_Your instructions_
Please start at the first line of the records beneath and quote each line exactly, ending with the line containing "Colegio San Cayetano, fundado".

_Items listed in a dataset_
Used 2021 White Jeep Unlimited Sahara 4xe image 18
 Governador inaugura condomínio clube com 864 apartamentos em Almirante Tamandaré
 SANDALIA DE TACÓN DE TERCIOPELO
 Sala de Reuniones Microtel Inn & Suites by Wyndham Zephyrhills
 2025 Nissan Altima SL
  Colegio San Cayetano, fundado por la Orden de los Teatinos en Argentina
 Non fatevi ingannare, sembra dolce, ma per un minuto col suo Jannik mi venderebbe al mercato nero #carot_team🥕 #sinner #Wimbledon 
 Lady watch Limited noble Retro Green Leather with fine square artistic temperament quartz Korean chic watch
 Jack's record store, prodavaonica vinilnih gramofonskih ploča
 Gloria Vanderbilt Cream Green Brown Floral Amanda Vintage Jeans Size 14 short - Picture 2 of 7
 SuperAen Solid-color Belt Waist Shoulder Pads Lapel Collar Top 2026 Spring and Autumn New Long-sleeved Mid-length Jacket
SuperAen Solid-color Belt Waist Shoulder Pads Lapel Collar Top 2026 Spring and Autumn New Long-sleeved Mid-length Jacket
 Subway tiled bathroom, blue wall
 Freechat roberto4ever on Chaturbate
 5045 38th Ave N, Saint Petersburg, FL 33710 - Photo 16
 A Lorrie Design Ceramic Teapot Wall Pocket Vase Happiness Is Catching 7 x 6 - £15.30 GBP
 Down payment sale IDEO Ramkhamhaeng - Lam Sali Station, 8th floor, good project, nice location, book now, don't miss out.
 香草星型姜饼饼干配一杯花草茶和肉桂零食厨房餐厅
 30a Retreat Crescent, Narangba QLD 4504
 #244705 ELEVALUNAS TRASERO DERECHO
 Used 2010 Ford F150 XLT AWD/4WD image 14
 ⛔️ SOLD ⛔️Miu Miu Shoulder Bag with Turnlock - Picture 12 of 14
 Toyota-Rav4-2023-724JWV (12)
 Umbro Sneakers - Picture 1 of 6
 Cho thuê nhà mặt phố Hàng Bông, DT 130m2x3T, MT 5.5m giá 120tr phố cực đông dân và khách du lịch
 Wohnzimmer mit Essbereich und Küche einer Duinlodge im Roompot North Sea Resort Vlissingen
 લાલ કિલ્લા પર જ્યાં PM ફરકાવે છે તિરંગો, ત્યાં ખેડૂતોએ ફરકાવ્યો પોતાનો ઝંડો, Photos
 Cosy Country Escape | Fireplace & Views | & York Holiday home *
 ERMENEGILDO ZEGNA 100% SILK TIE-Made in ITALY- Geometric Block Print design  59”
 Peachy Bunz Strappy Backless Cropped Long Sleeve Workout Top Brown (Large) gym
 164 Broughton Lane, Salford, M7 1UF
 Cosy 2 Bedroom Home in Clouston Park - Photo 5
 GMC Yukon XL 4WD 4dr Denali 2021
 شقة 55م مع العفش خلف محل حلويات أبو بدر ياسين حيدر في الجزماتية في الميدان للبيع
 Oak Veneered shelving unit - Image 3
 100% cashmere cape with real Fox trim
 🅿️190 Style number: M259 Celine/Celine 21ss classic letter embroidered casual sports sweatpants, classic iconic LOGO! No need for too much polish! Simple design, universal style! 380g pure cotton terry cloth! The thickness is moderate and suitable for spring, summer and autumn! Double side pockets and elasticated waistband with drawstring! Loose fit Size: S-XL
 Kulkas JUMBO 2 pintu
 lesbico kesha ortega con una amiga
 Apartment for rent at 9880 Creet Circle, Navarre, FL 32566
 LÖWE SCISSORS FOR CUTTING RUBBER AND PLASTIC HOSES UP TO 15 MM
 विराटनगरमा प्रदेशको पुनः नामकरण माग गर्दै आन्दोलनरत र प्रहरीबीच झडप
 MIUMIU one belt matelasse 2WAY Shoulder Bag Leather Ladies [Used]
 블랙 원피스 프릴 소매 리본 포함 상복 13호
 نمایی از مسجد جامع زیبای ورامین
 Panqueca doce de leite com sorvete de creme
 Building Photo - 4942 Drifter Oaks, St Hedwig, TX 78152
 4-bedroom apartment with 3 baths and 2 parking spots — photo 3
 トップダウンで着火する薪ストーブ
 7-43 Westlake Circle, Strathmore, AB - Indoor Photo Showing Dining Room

_Response to this exercise_
Used 2021 White Jeep Unlimited Sahara 4xe image 18
 Governador inaugura condomínio clube com 864 apartamentos em Almirante Tamandaré
 SANDALIA DE TACÓN DE TERCIOPELO
 Sala de Reuniones Microtel Inn & Suites by Wyndham Zephyrhills
 2025 Nissan Altima SL
  Colegio San Cayetano, fundado por la Orden de los Teatinos en Argentina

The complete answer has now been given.